While most of the units sold presently are intended for laboratory use, the engineering sophistication now incorporated into these lasers has made them quite rugged and reliable and they are being increasingly used for industrial processes such as silicon wafer marking and laser annealing of implanted semiconductor layers. Xenon chloride (XeCl) is, by far, the workhorse of the RGH laser family. Its wavelength of 308 nm is ideally suited for "pumping" dye lasers for laboratory use or for the semiconductor applications mentioned above.

One of the main reasons for the popularity of these lasers is the efficiency with which they generate ultraviolet (UV) radiation. Typical discharge pumped, rare gas-halide lasers exhibit a conversion efficiency (stored electrical energy to laser output energy) in the range of 1-3%. While appearing to be small, such efficiencies are, in fact, quite large for UV lasers. Nevertheless, it is the laser's efficiency which primarily determines its size, weight and cost. Therefore, even a modest improvement in the efficiency of such lasers would have tremendous economic implications.

It has been found that the efficiency of a pulsed laser system can be increased by more than 50% by injecting radiation into the system, generally 20 to 200 nanoseconds prior to the emergence of the system's laser pulse. The potential impact of this development is great. For specific laser systems, it now becomes possible to either increase the output power of a laser device of a given size or to decrease system dimensions, weight and cost while maintaining a constant power output.

While broadly applicable to pulsed laser systems, (gaseous, liquid and solid state), the system of this invention finds a preferred utility with the rare gas halide excimer lasers [see, for example, Excimer Lasers, 2nd edition, edited by C. K. Rhodes (Springer, 1984)]. It should be noted that this invention is fundamentally different from injection locking, a well-understood phenomenon. For example, the purpose of injection locking is to improve the optical quality of the output beam of a large laser (known as the "amplifier") with radiation from a low power laser "oscillator". This technique involves operating the oscillator and amplifier at essentially the same wavelength. Also, high optical quality laser beams are those that diverge slowly (i.e., at one to three times the diffraction limit) and/or have narrow line widths.
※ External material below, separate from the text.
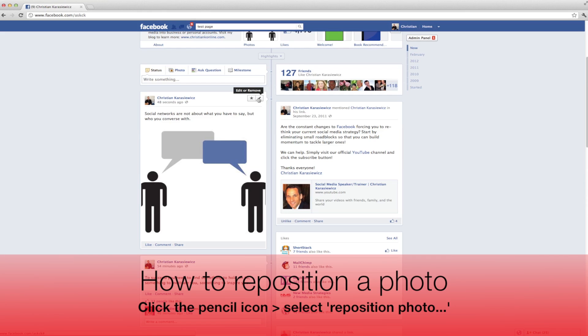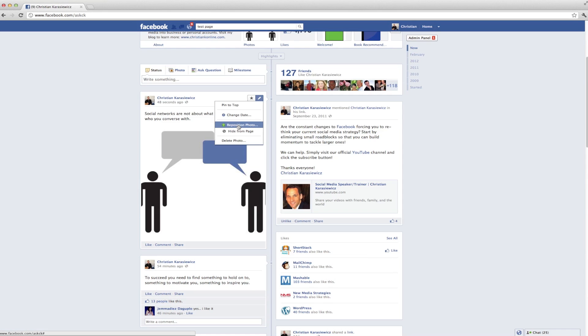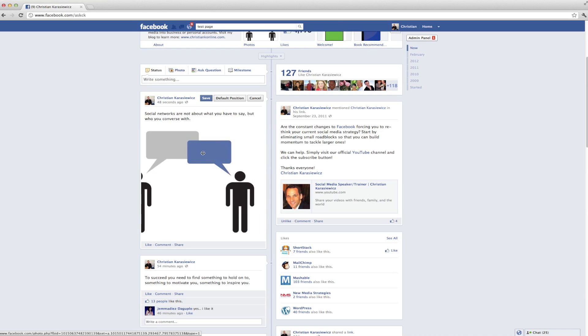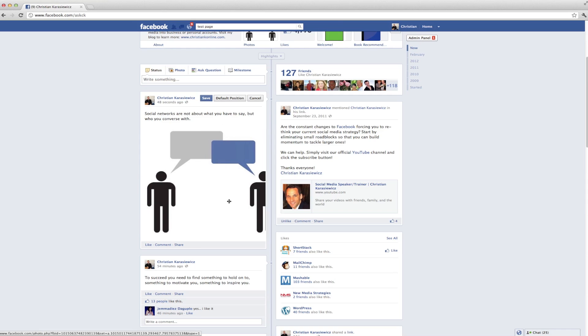What you're going to get is a list of additional options, and we want to select reposition photo. This is going to give you the ability to drag to the left and to the right to change the perspective of your photo. Once you've got your photo looking how you want it, click on the save button at the top.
If the "seed" laser pulse from the oscillator is injected into the amplifier 10-20 nanoseconds before the amplifier produces its laser pulse, then the high optical quality of the oscillator pulse will be replicated by the amplifier. However, two points need to be emphasized with regard to injection locking:

(1) there is little difference in the output power of the amplifier with or without the "seed" pulse from the oscillator; and

(2) the ability to "lock" the amplifier is critically dependent on the time delay between the firing of the oscillator and amplifier (or, equivalently, the generation of the two optical pulses). Time delays greater than roughly 25 ns are ineffective and 15-20 ns is optimum. Consequently, the invention described here cannot be attributed to injection-locking. Typical of injection locking devices is the Model EMG 150 ET excimer laser system manufactured by Lambda Physik GmbH of Goettingen, Federal Republic of Germany.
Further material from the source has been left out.